» **Exercise prompt**
In the copy, include exactly the lines from the one with "Milano Connect black" through the end of the data and no others, both ends kept, with every picture left out.

» **Records contained in a dataset**
--------

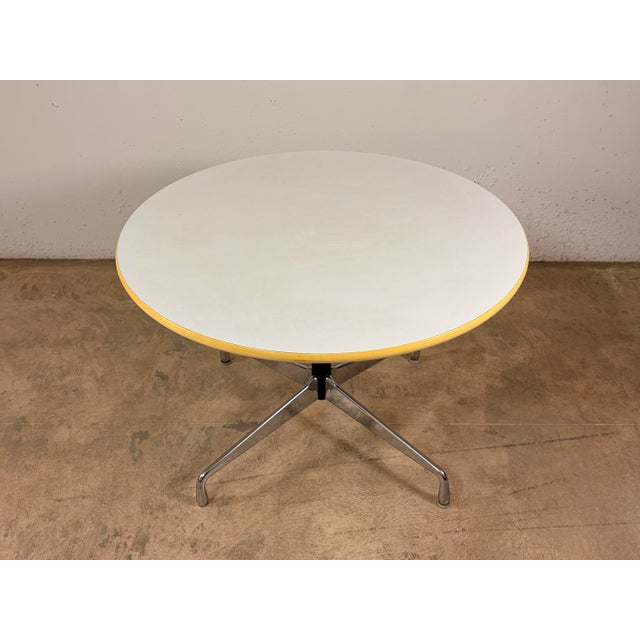 The Herman Miller table is in good condition with slight signs of wear. This piece has an attribution mark, I am sure that...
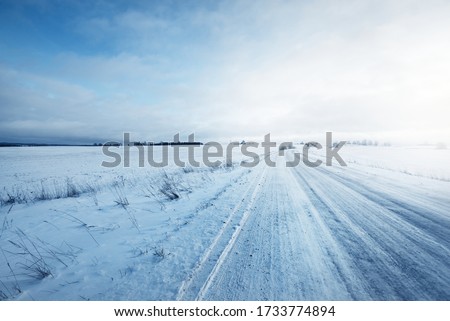 Snow-covered country road through the fields after a blizzard at sunset. Old rustic house in the background. Winter rural scene. Dramatic sky, colorful cloudscape. Ice desert. Lapland, Finland Royalty-Free Stock Photo #1733774894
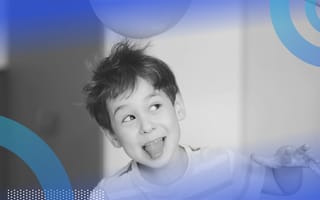 Electrical charge little boy smiling with his tongue sticking out. His hair sticks up and reached toward a balloon.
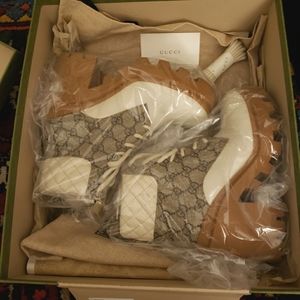 Gucci Monogram Ebony combat boots recently listed on TheRealReal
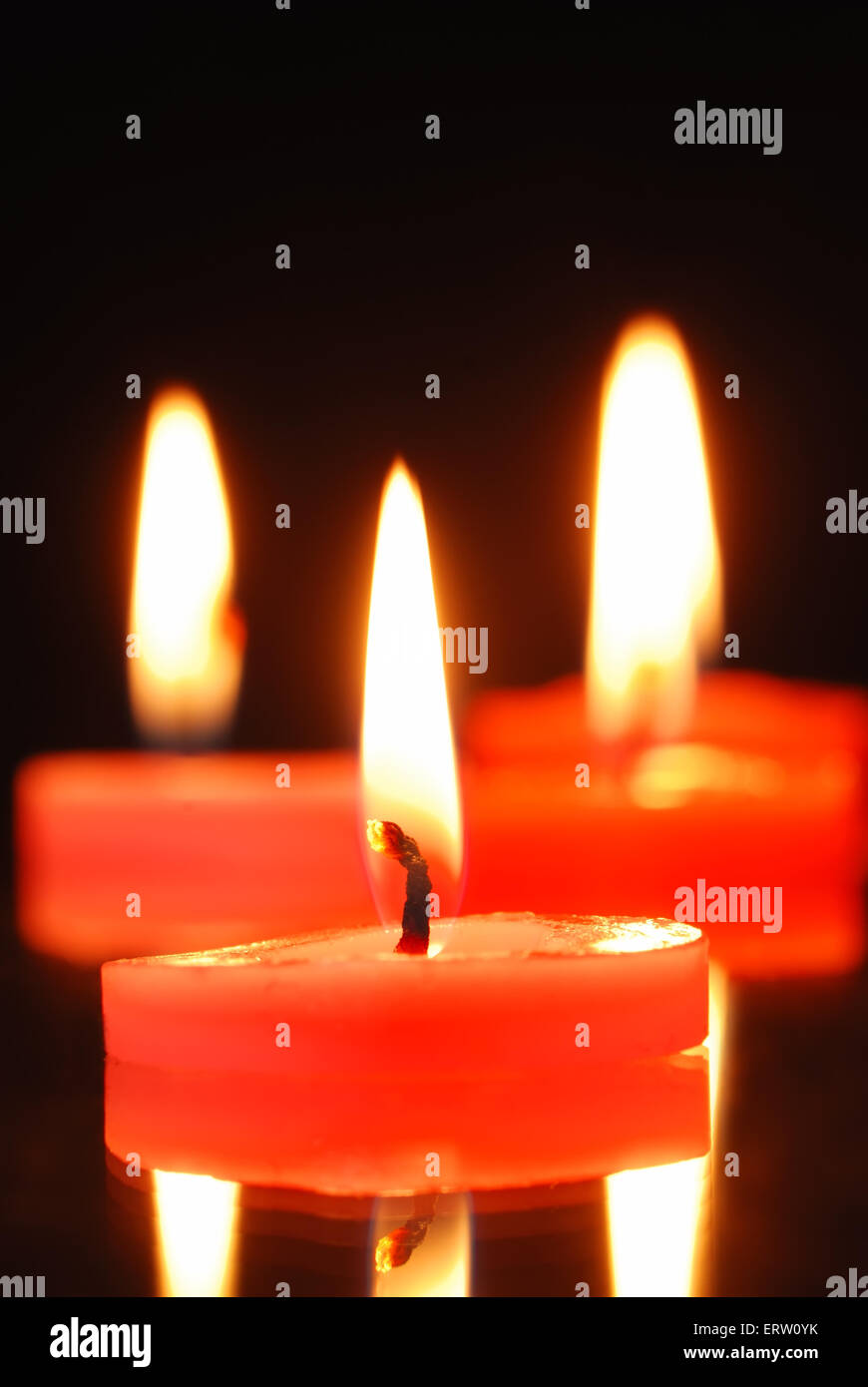 Three burning candles on black background Stock Photo - Alamy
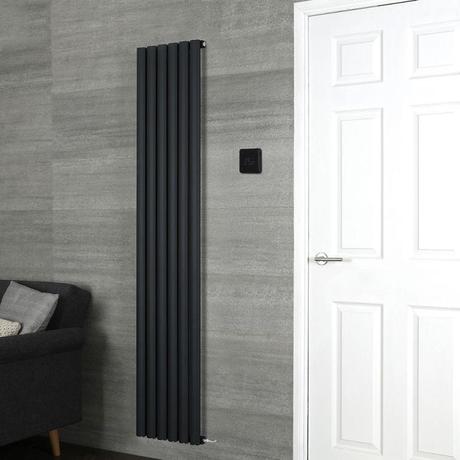 Milano Connect black backlit wifi thermostat for electric heating by black vertical Aruba radiator on grey wall nearby white door and black chair with cushions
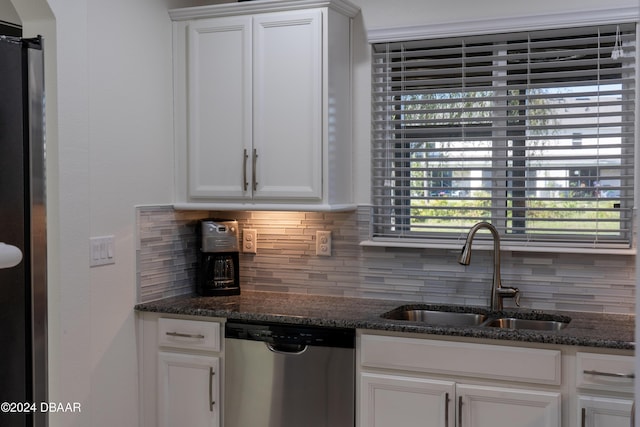 kitchen featuring dark stone countertops, sink, white cabinets, and stainless steel dishwasher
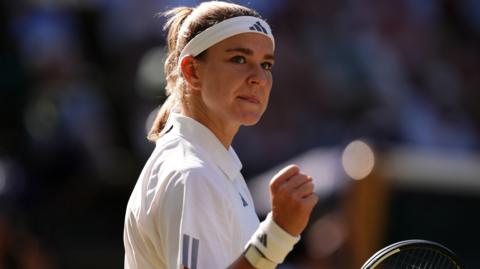 Karolina Muchova celebrates with a clenched fist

--------

» **Written solution**
 Milano Connect black backlit wifi thermostat for electric heating by black vertical Aruba radiator on grey wall nearby white door and black chair with cushions
 kitchen featuring dark stone countertops, sink, white cabinets, and stainless steel dishwasher
 Karolina Muchova celebrates with a clenched fist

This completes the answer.